MATERIAL SHOWN -
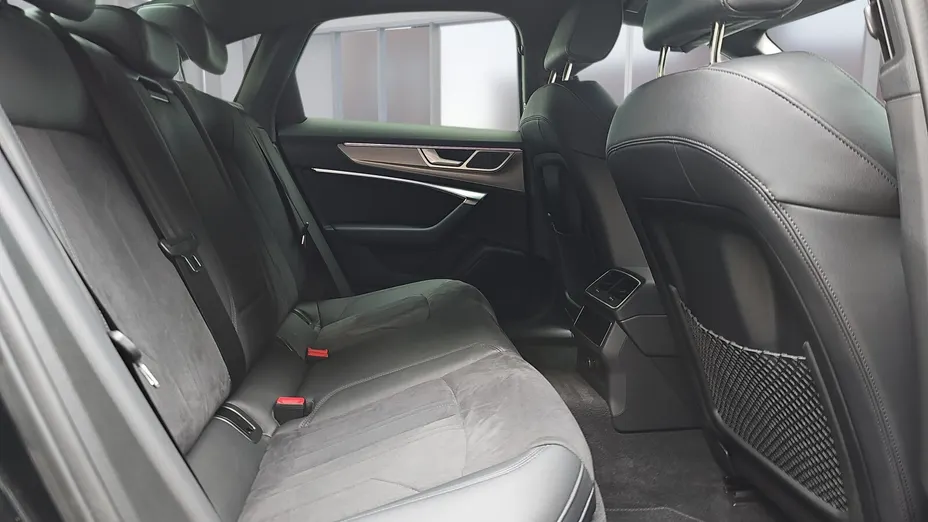 AUDI A6 A6 40 TDI mHEV Quattro S tronic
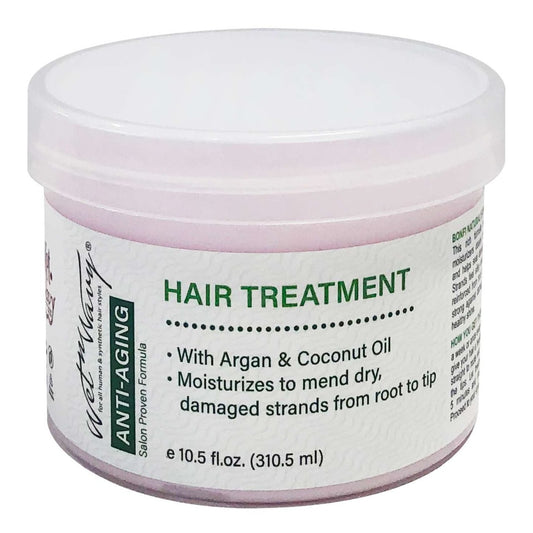 Wet N Wavy Anti Aging Hair Treatment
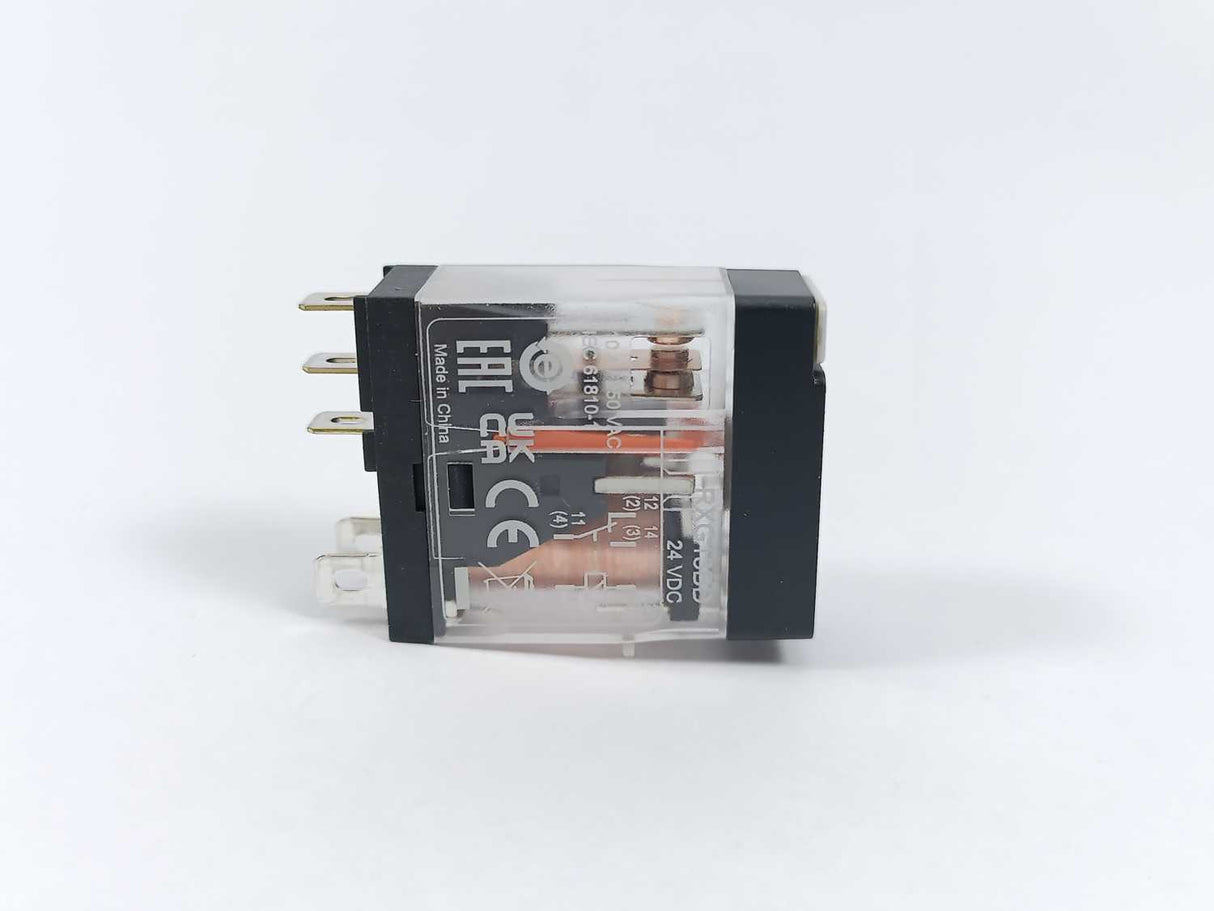 Schneider Electric RXG13BD Electromechanical Relays, Batch of 10pcs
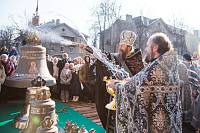 Чин освящения колоколов в&nbsp;Электростали
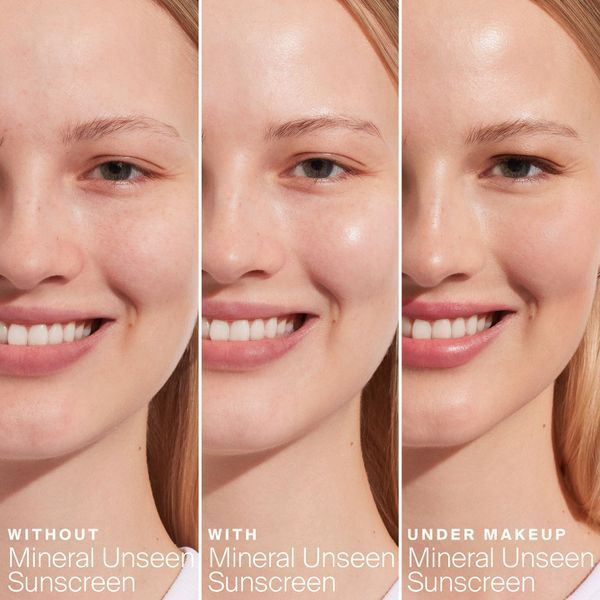 Солнцезащитный крем Supergoop! Mineral Unseen Sunscreen SPF 40, 50 мл КОСМ00294 фото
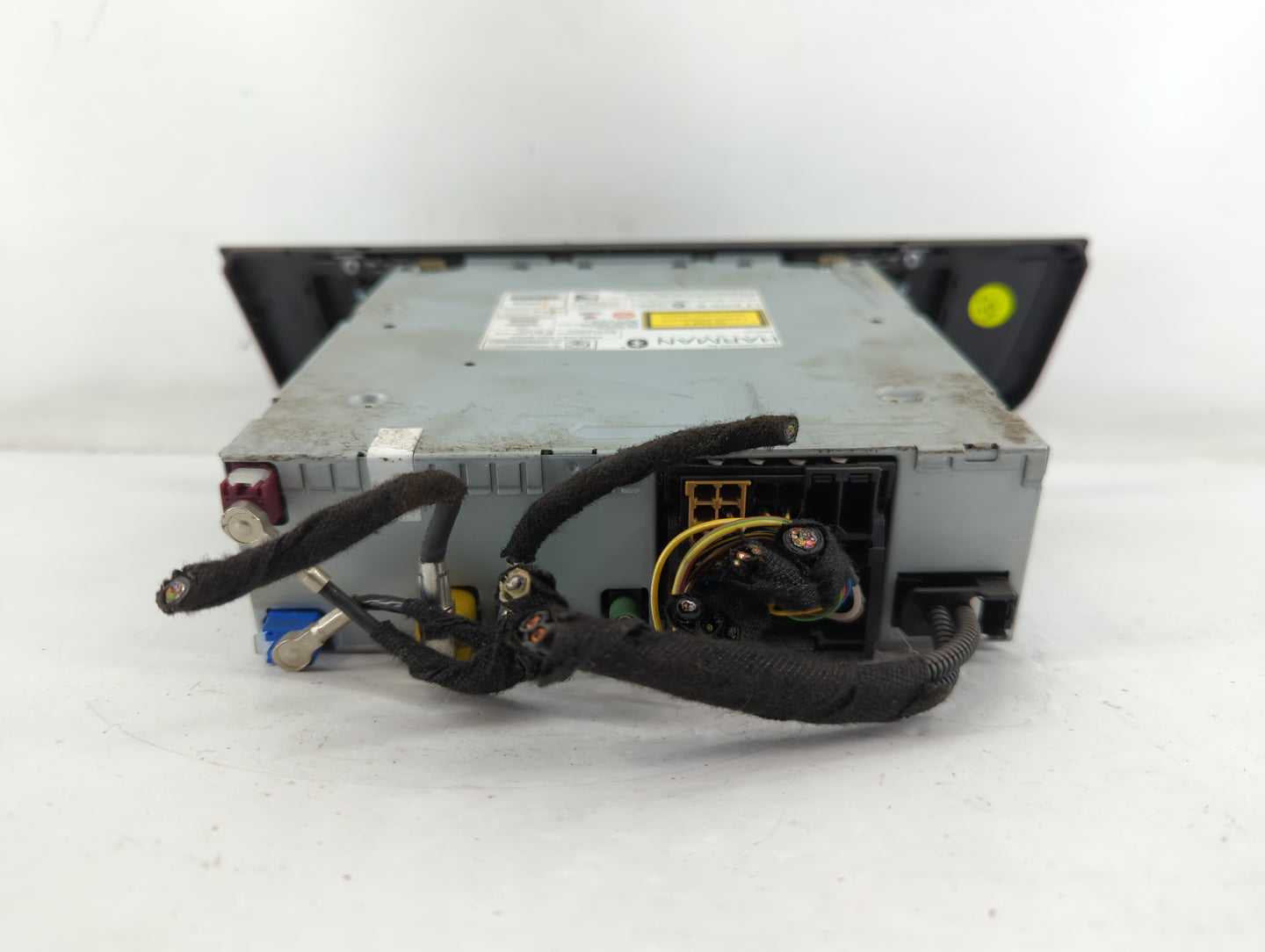 2012-2015 Audi A6 Radio AM FM Cd Player Receiver Replacement P/N:005WWDA0303 AD10-0169005 Fits Fits 2012 2013 2014 2015 OEM 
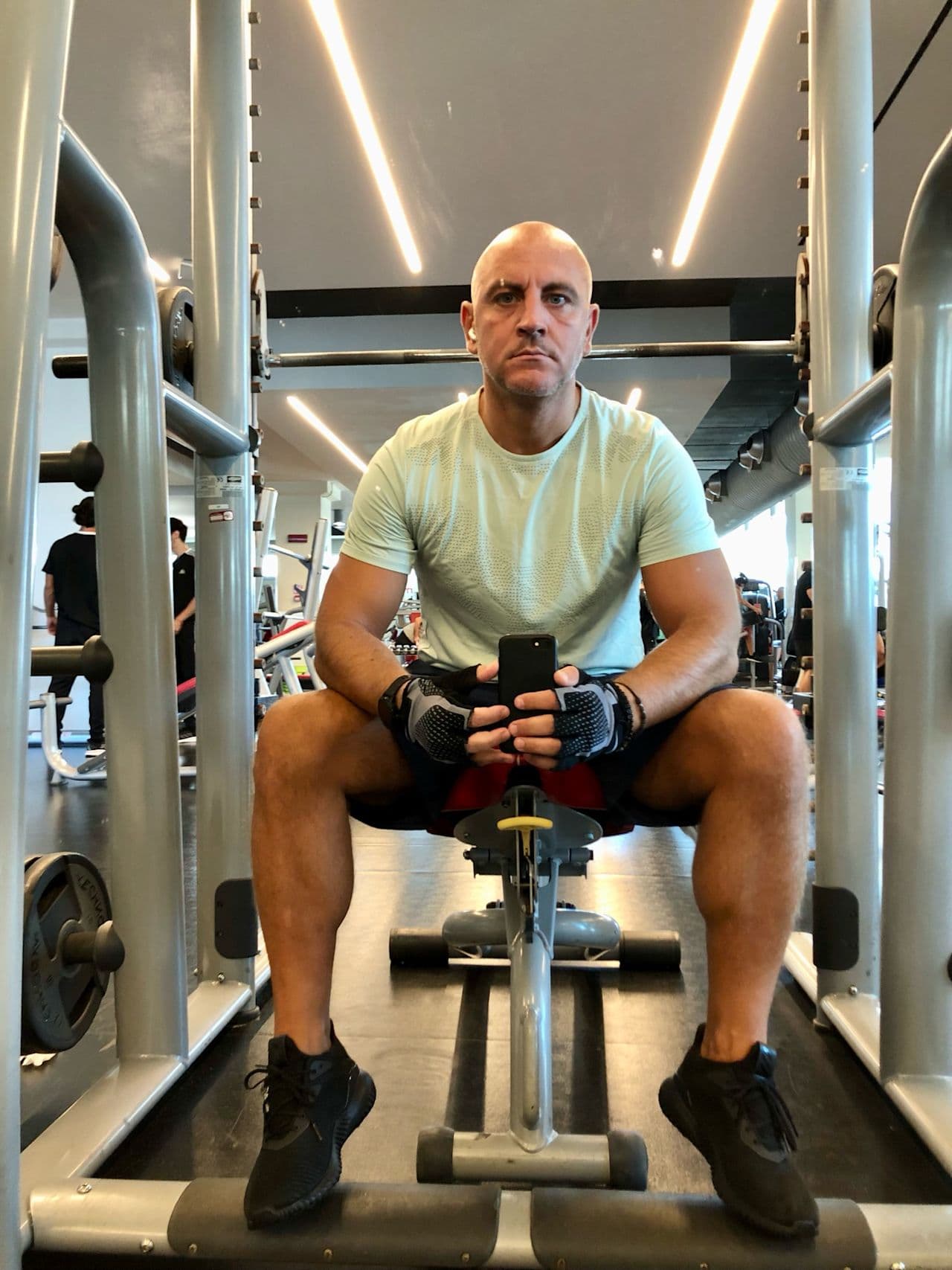 Max Manganelli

WHAT TO PRODUCE - Keep the pictures out of your answer, which should be the lines from the one with "2012-2015 Audi A6" through the final line of the data, copied exactly.

SOLUTION TO THE PROBLEM -
 2012-2015 Audi A6 Radio AM FM Cd Player Receiver Replacement P/N:005WWDA0303 AD10-0169005 Fits Fits 2012 2013 2014 2015 OEM 
 Max Manganelli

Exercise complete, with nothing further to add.